What to do:
Could you transcribe exactly the lines from the one containing "Dear Bed Comfort" through the end of the listing below, both included, but none of the pictures?

Record extracts:
==============================

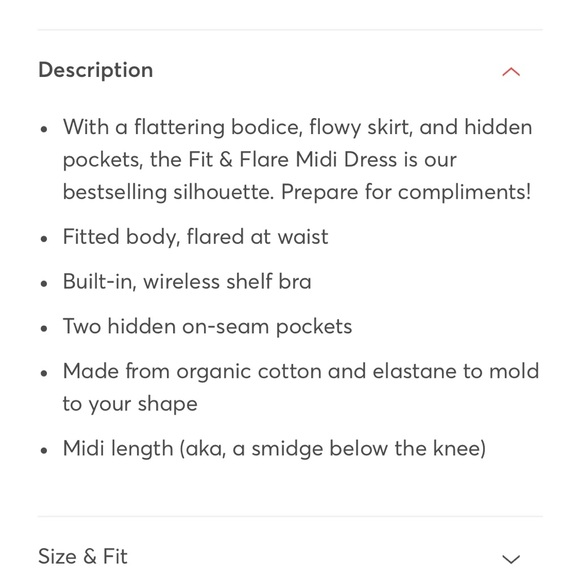 BOGO! NWT Pact Organic ‘Fit & Flare’ midi dress with pockets - Picture 13 of 15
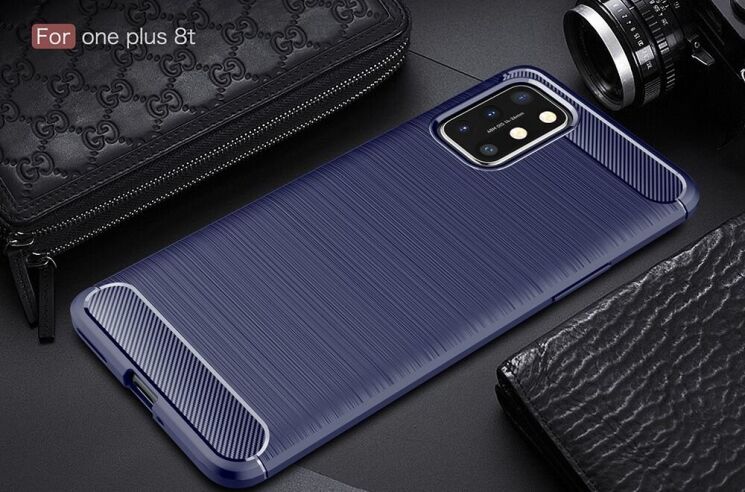 Силиконовый (TPU) чехол UniCase Carbon для OnePlus 8T - Blue: фото 2 из 11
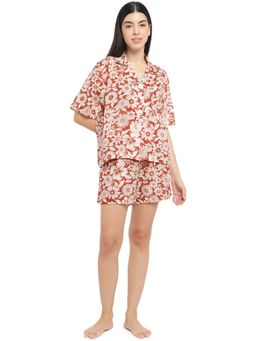 Dear Bed Comfort Clothing - Red Floral Pure Cotton Over Sized Shirt & Shorts for Women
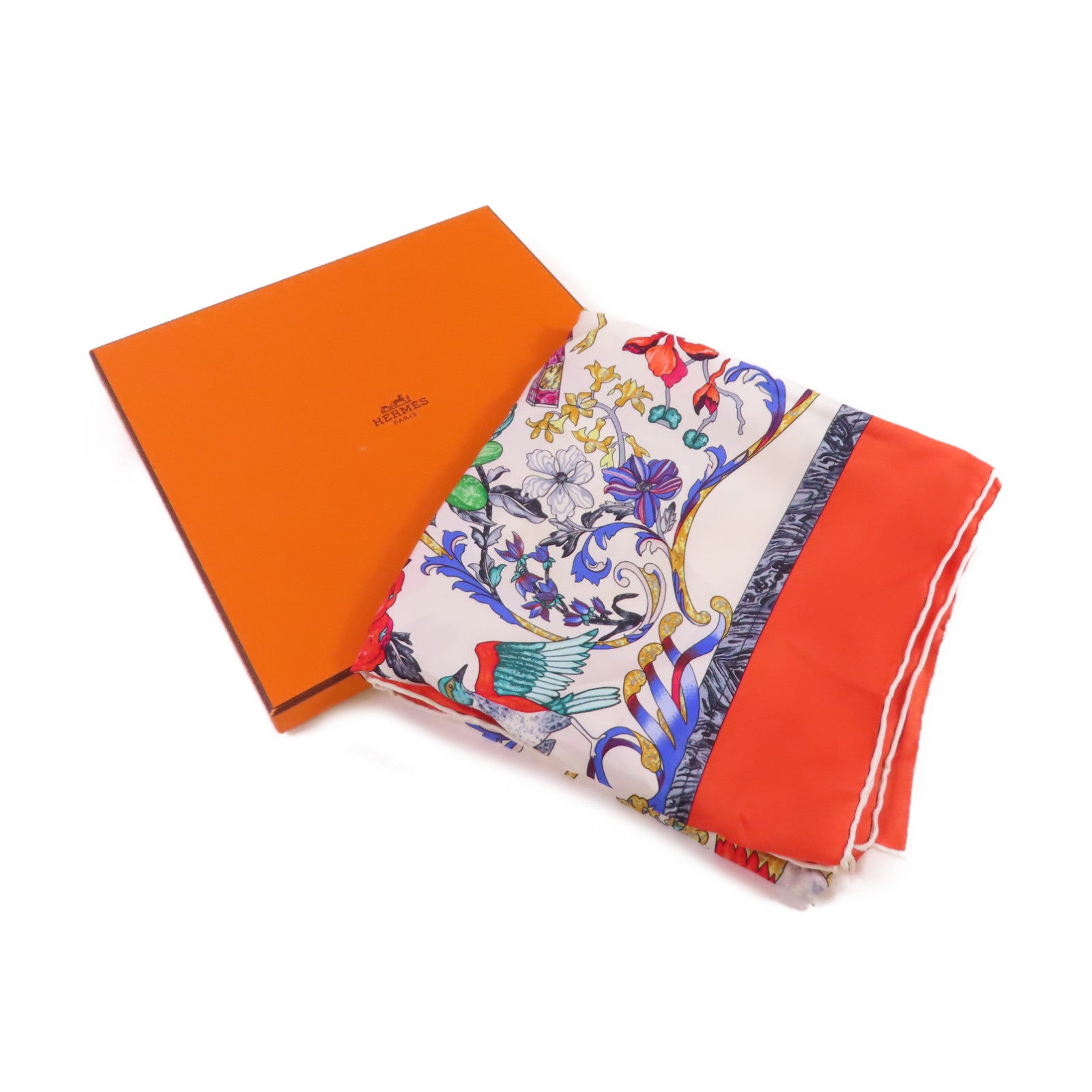 HERMES 絲質90x90 Scarf絲巾白色/橙色/彩色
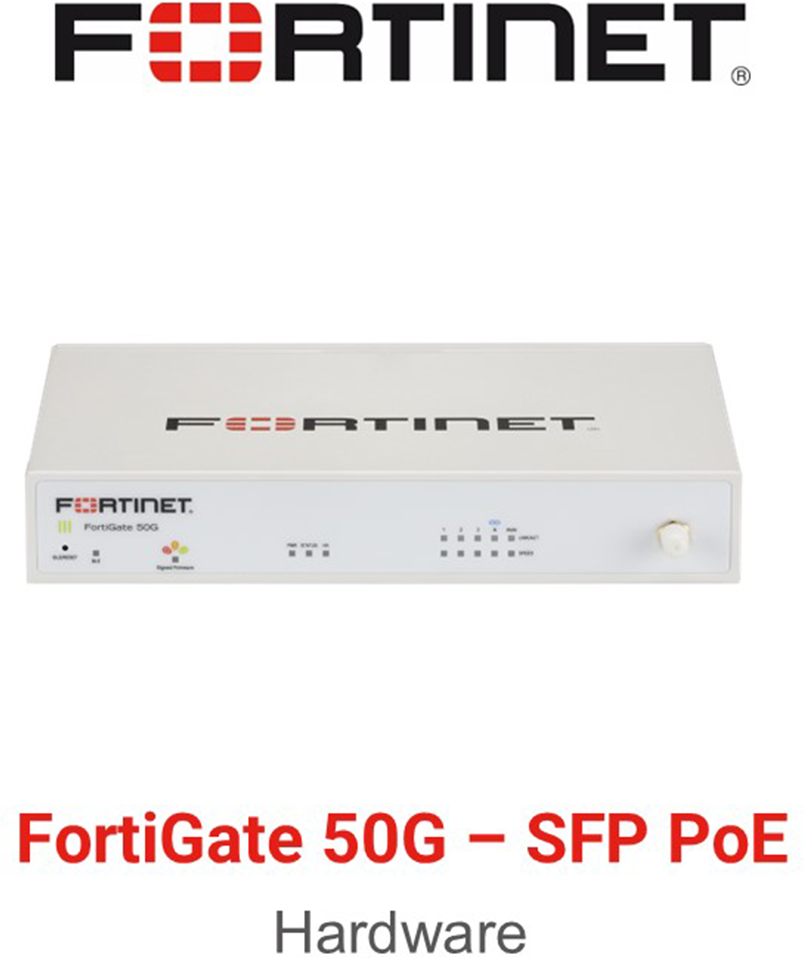 Fortinet FortiGate 50G SFP PoE Firewall Hardware Vorderseite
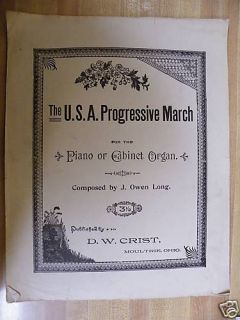 1913 USA Progressive March Crist Moultrie Oh Music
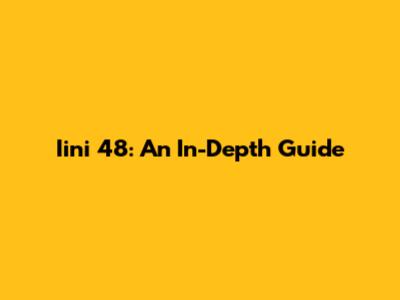 Iini 48: An In-Depth Guide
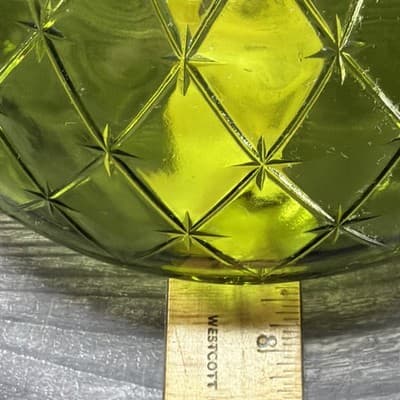 Vintage Green Glass Bowl "Quilted Duette" Produced From The 1950s To The 1970s. - Thumbnail 12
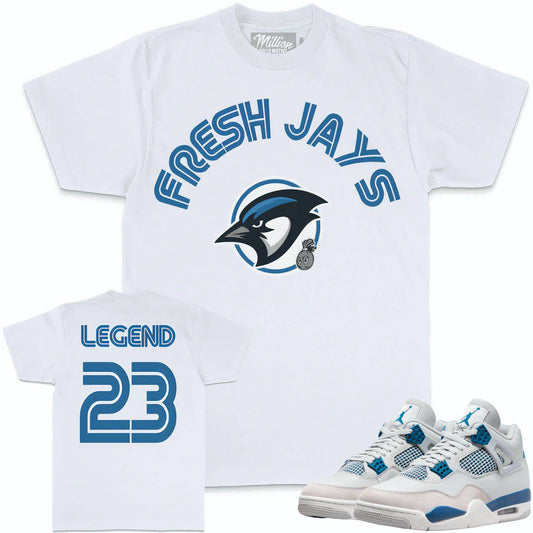 Military Blue 4s Shirt - Jordan 4 Military Blue Sneaker Tees - Fresh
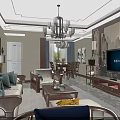 Dining And Living Room Interior Design With Wooden Table Tableware Pink Flower Vase Chandelier And Sofa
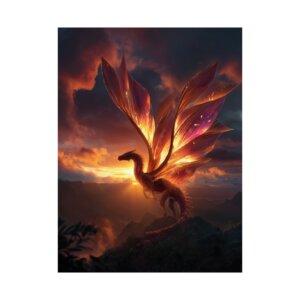Sunrise Dragon Poster — Beautiful Vertical Matte Fantasy Wall Art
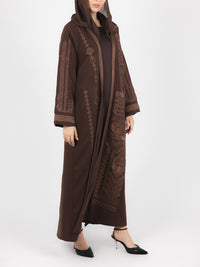 Cocoa Tonal Embroidered Abaya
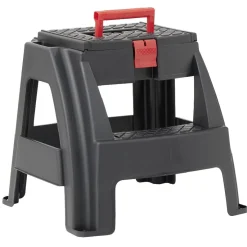 Tabouret 2 marches avec rangement intégré noir et rouge^Gifi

==============================

Expected answer:
 Dear Bed Comfort Clothing - Red Floral Pure Cotton Over Sized Shirt & Shorts for Women
 HERMES 絲質90x90 Scarf絲巾白色/橙色/彩色
 Fortinet FortiGate 50G SFP PoE Firewall Hardware Vorderseite
 1913 USA Progressive March Crist Moultrie Oh Music
 Iini 48: An In-Depth Guide
 Vintage Green Glass Bowl "Quilted Duette" Produced From The 1950s To The 1970s. - Thumbnail 12
 Military Blue 4s Shirt - Jordan 4 Military Blue Sneaker Tees - Fresh
 Dining And Living Room Interior Design With Wooden Table Tableware Pink Flower Vase Chandelier And Sofa
Sunrise Dragon Poster — Beautiful Vertical Matte Fantasy Wall Art
 Cocoa Tonal Embroidered Abaya
 Tabouret 2 marches avec rangement intégré noir et rouge^Gifi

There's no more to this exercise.